То ли Чижиков сильно проголодался, то ли оттого, что переволновался, но янтарная душистая уха ему и впрямь очень понравилась, и он, к удовольствию Аннушки, дважды просил добавки.
Молча ели до тех пор, пока Аннушка не спросила:
— Что было на президиуме?
— Да вот Гордея Артемовича прорабатывали…
— За что? — обратилась Аннушка к Чижикову.
Сначала нехотя и спокойно, потом все более возбуждаясь и горячась, Чижиков пересказал все, что было на президиуме.
— И ты голосовал за такую резолюцию? — с удивлением спросила Аннушка отца.
— Голосовал. На полном ходу телегу вспять не повернешь: опрокинется. А он такую махину задумал развернуть. Разве это так делается? Нет бы сначала выложить свои козыри одному да другому члену президиума…
— Значит, амбиция заела? — подкусила дочь.
— Кое-кого заела. Но главное не в том. Не все в его докладе было приемлемо. Ну, к чему сейчас выдвигать предложение о притормаживании разверстки? Осталось каких-то восемь процентов. Пущены в ход последние силы и вдруг — отбой? Ни в политическом, ни в моральном плане этого нельзя одобрить. Надо и продработников понять. Я испытал, каково с сибирским куркулем изъясняться, тут и железные нервы не выдержат. Иногда обстоятельства вынуждают на крайности. Но если крайности становятся основным методом — это следует жестоко пресекать, тут Гордей Артемович совершенно прав.
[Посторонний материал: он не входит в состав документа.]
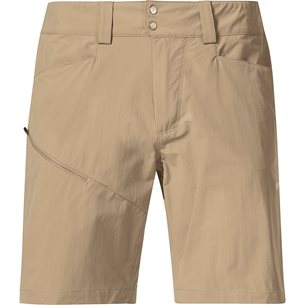 Bergans Rabot Light Softshell Shorts Men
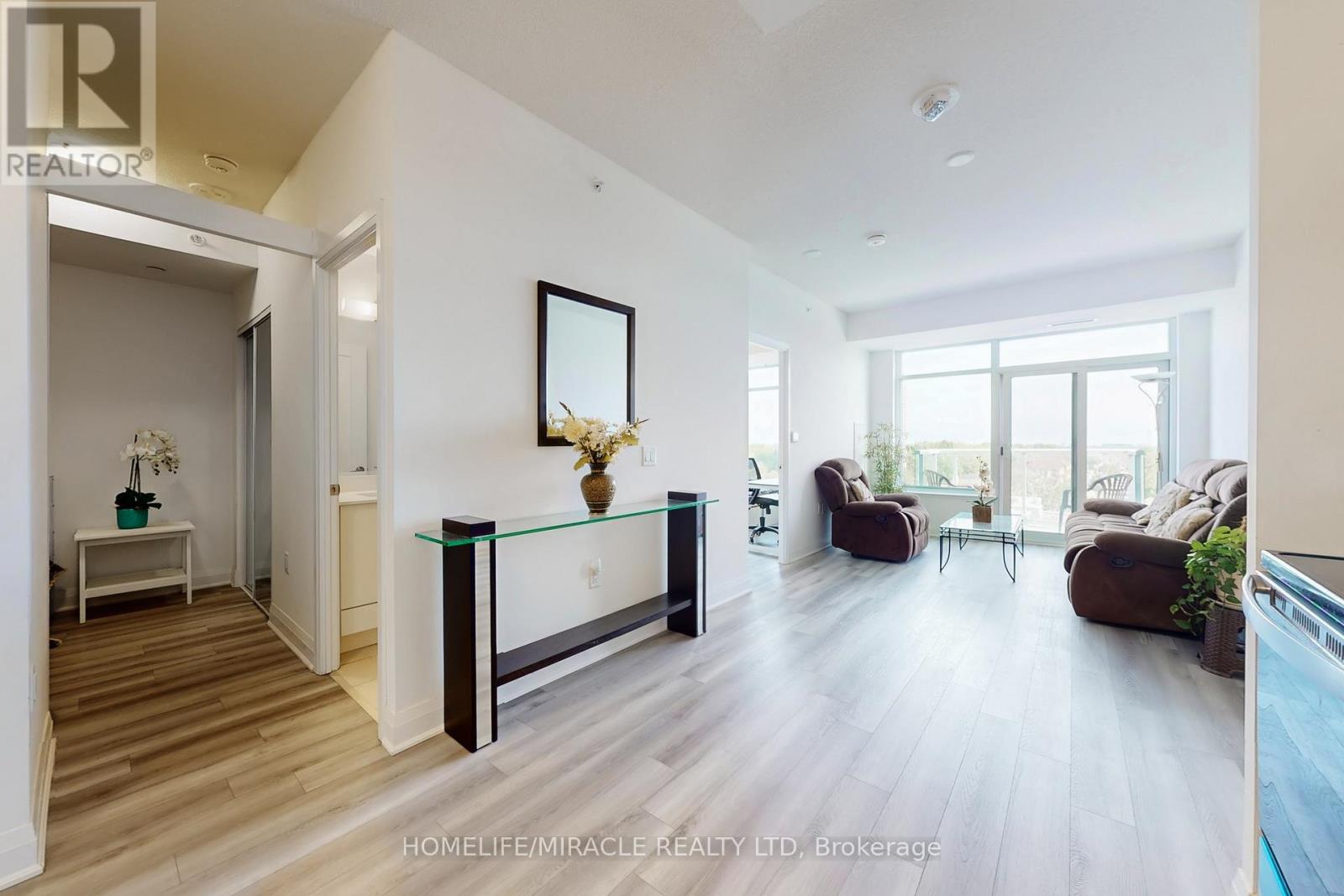 613 - 3220 Sheppard Avenue E, Toronto, Ontario  M1T 0B7 - Photo 15 - E13008792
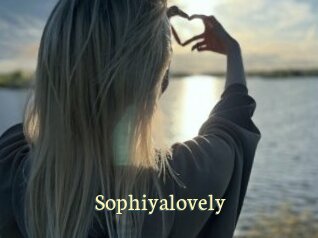 Sophiyalovely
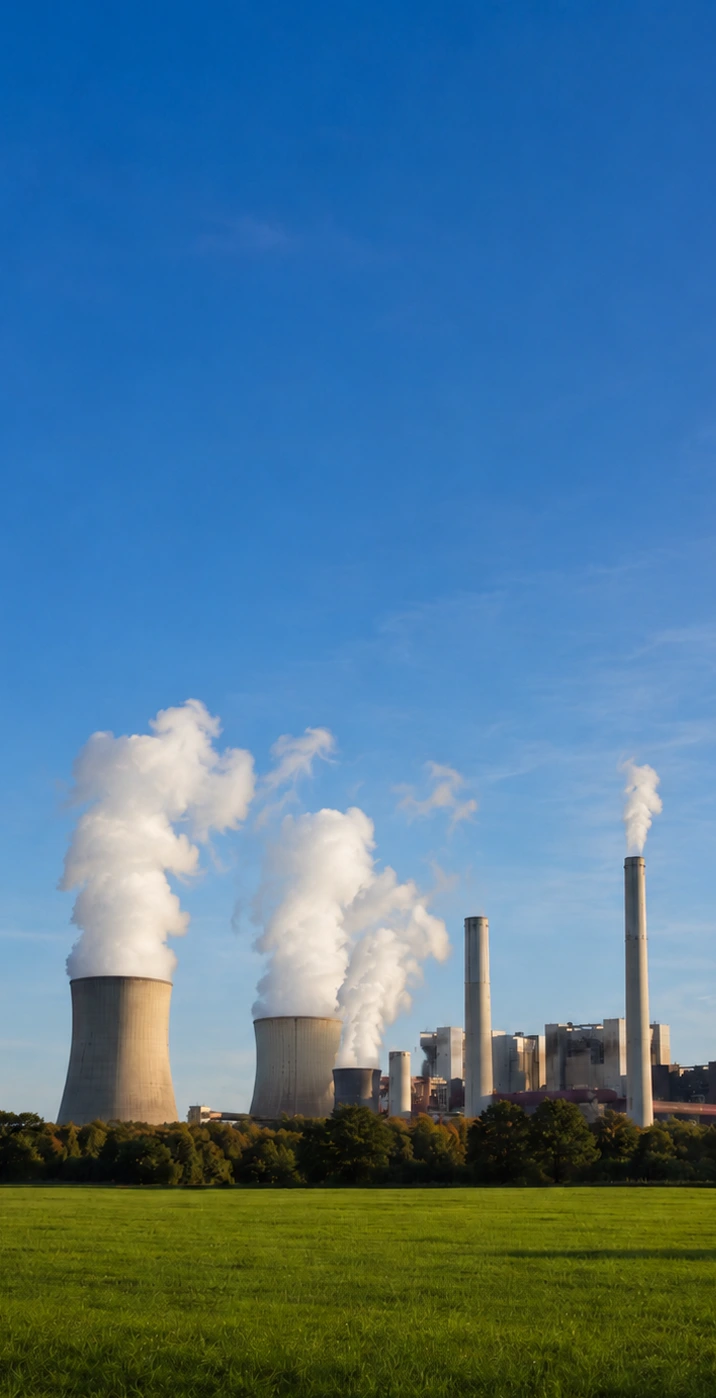 power-plant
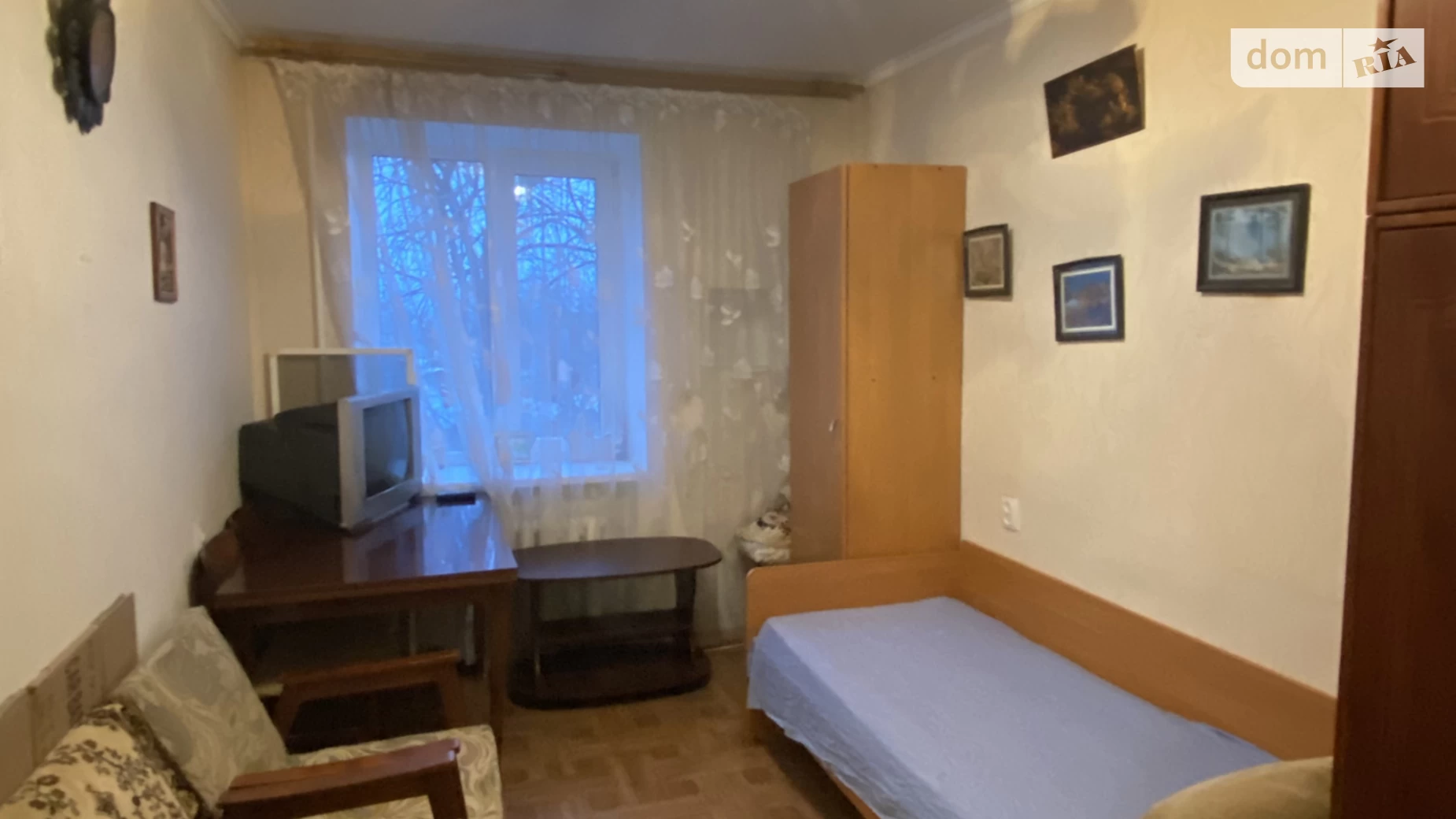 Продається 2-кімнатна квартира 50 кв. м у Одесі - фото 3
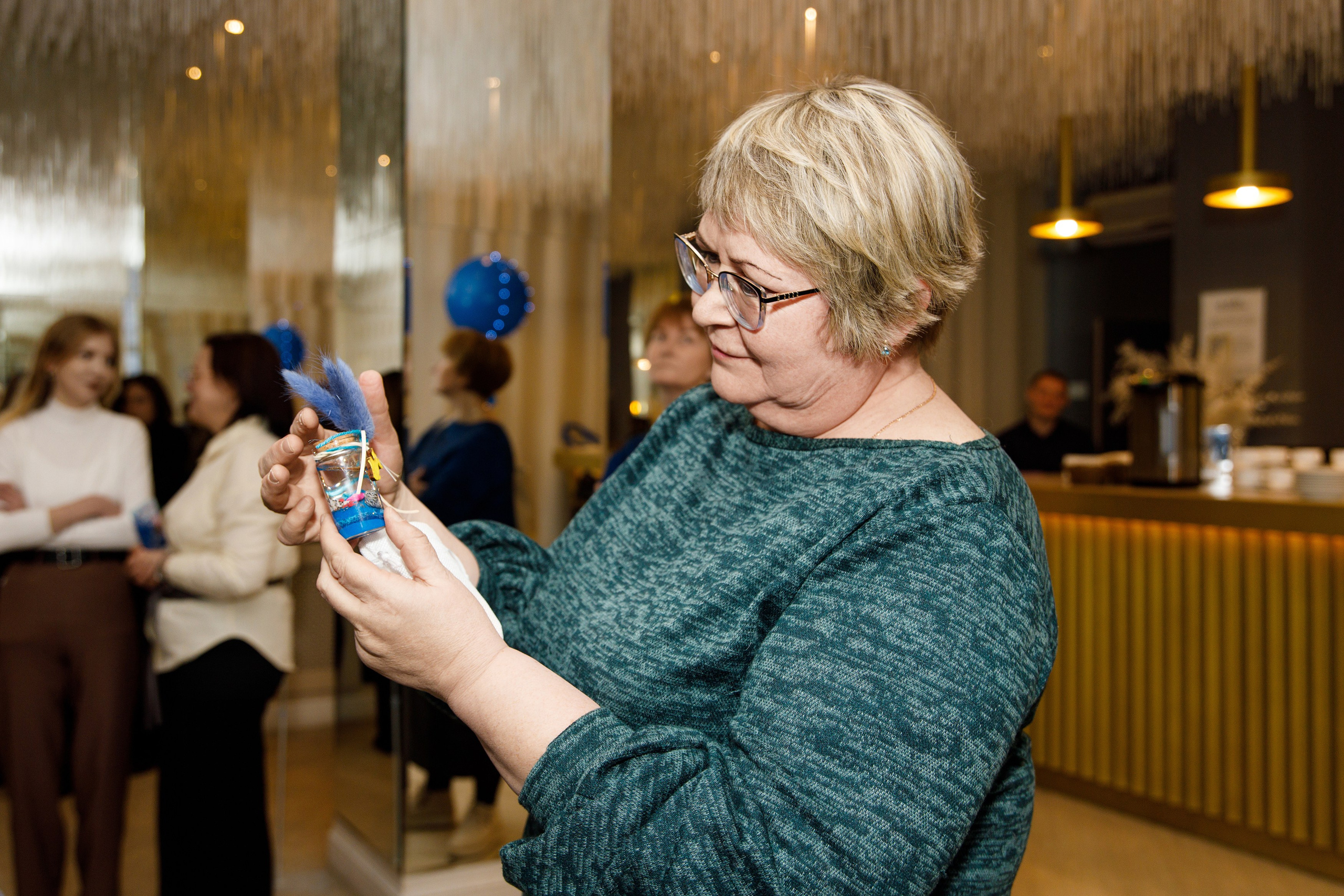 Конференция Рикулатрон. Фотограф Дмитрий Молчанов | Фотограф Пермь | Фотограф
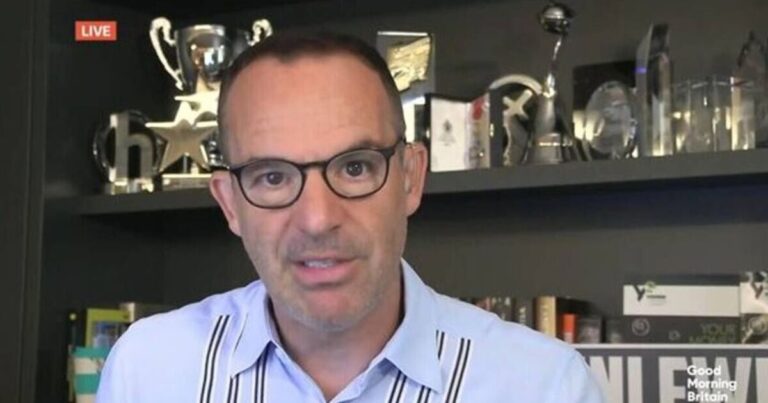 Martin Lewis urges pensioners to ‘make one phone call’ for £11,600 handout | Personal Finance | Finance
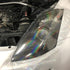 VVIVID VINYL 2020 BIO HEX+ CLEAR AIR-TINT HEADLIGHT TINT | V324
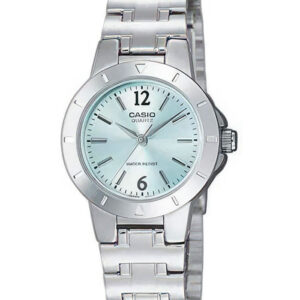 Casio LTP-1177A-3A Lady Classic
Я уже не говорю о преднамеренных провокациях пролезших в продорганы врагов. С ними один разговор. — Выразительно шлепнул ладонью по столу, будто прихлопнул зловредное насекомое. — У одинаковых поступков могут оказаться противоположные причины. Тут живая диалектика… Чего улыбаешься, Чижиков?
— Недавно в Челноково Ярославна Нахратова, комсомольский секретарь, толковала мне про эту самую диалектику.
— Слыхал о ней, — кивнул Новодворов. — Секретарь губкомола прибегал советоваться: допустимо ли, чтоб Нахратова дружбу с попом водила. Поп, говорят, в своем роде уникум: самоучка да еще мужик, ищет щель, чтоб сунуть голову и — ни вашим ни нашим…
— И что же, допустима такая дружба? — нетерпеливо перебила Аннушка.
Чижикову вдруг показалось, что вопрос обращен и к нему. В кулацкую дуду дудела, смущала баб Маремьяна, а он?… «Ерунда!.. Не подпевала. Не смутьянка. Силушки через край. Рвется, где поострей да пожарче. Сердцем чую — любит. Будет с нами…»
— По мне, все допустимо, что в конечном счете работает на Советскую власть, — ответил дочери Новодворов.
— Значит, цель оправдывает средства? — Аннушка заволновалась, сердито отодвинула чашку.
— Нет! — спокойно и ровно, будто и не замечая волнения дочери, ответил Новодворов, отхлебнув чаю. — Это разные песни. Несоединимые. Негодные средства осквернят самую прекрасную цель. Немыслимо злом добро делать. И в выборе средств требуется особая разборчивость и осторожность.
— Но без крови, без насилия не обойтись!
— Ты права, — Новодворов успокаивающе накрыл ладонью узкую руку дочери, — без насилия старое не сковырнуть. Но силой можно свергать, разрушать. А не созидать. Убеждение— вот оружие, каким нам предстоит в совершенстве овладеть, если мы хотим построить новый мир.
— Одними словесами мир не переделать. Проповедей, даже распрекрасных, мало для того, чтобы из человека выбить все скотское, — возразила Аннушка. Видно было: не впервые заговорили они на эту тему.